When writing data in small batches (e.g., streaming, micro-batch, CDC), Delta tables end up with many tiny files.

This is called the "small file problem"

✅ The Solution: Auto Optimize + Auto Compaction

FeatureWhat it Does
Auto Optimize (Optimize Write)Writes larger, more efficient files right from the start
Auto CompactionPeriodically merges small files in the background into larger ones

Together, they keep your Delta tables clean and performant — without needing manual OPTIMIZE jobs.

🧪 Example SQL to Enable:

ALTER TABLE silver.sales
SET TBLPROPERTIES (
delta.autoOptimize.optimizeWrite = true,
delta.autoOptimize.autoCompact = true
);

🛠️ When to Use

Use Case✅ Use It
Streaming ingestionYES — perfect fit
Incremental loadsYES — prevents file bloat
Heavy ETL pipelinesYES — keeps tables performant
Static full refresh datasets❌ Not needed — just use OPTIMIZE once after load

🔍 Tuning Notes

-Doesn’t fully replace OPTIMIZE for big performance tuning, but reduces the need for frequent runs
-Works best in high-frequency write environments (like real-time or hourly data)
-Auto Compaction is asynchronous and runs behind the scenes

🚘 5. Cluster Sizing & Photon

Databricks runs your jobs on clusters (groups of machines or VMs).

The cluster size determines:

-How fast your job runs
-How much you pay

Cluster SizeWhen to Use
🧪 Small jobsLight ETL, dev testing → 2–4 nodes
🧱 Heavy batch jobsAggregations, joins, transformations → 8–16 nodes
📊 BI dashboards / SQLUse auto-scaling clusters with Photon
⚙️ Experiments / retry logicUse spot instances for cost savings

❗ Problem:

Too small → Jobs spill to disk, slow performance
Too big → Wastes money, underutilized resources

Top Engineer Insight:

Monitor these to right-size:
Shuffle spill: Memory not enough for joins/sorts?

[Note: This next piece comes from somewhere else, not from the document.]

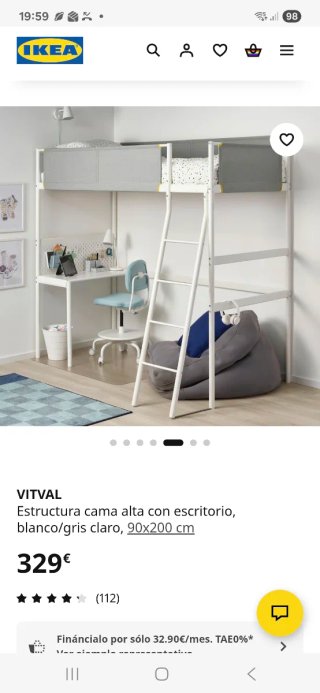Cama alta individual con escritorio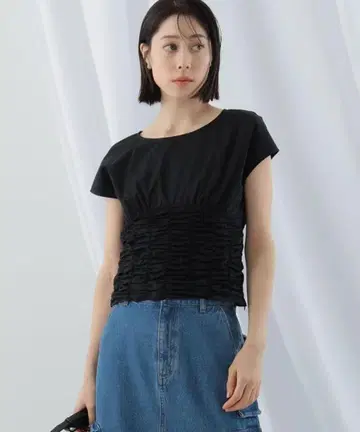 Ray BEAMS 셔링 개더 허리 프렌치 슬리브 상의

Increase RAM.
Executor memory/CPU: Constantly maxed? Need bigger nodes.
Skewed tasks: One task runs longer than others? Time to tune data layout.

Enter Photon: The Jetpack Engine

Photon

Photon is a new execution engine built in C++ (instead of Java/Scala like traditional Spark).

✅ Automatically speeds up:

-SQL queries
-Delta Lake operations
-BI dashboards (Databricks SQL)

🔥 Photon Benefits

  • 2–3x faster queries
  • Lower compute cost
  • Works with Delta Lake + Spark SQL
  • Easy to enable — just check a box

🛠️ How to Enable Photon

Via UI:

When creating a cluster, just check "Enable Photon"

Via JSON config:

{
"cluster_name": "photon-cluster",
"spark_version": "13.3.x-scala2.12-photon",
"node_type_id": "i3.xlarge",
"num_workers": 4
}

📊 Real Example: Before vs After Photon

A retail company runs daily sales reports.

| Metric       | Before Photon           | After Photon |
| ------------ | ----------------------- | ------------ |
| Cluster Size | 10 nodes | 6 nodes |
| Query Time | 45 minutes | 15 minutes |
| Result | ✅ 3x faster, 💰 cheaper | |

“The best engineers don’t just use big clusters — they use the right clusters, with Photon, at the right time.”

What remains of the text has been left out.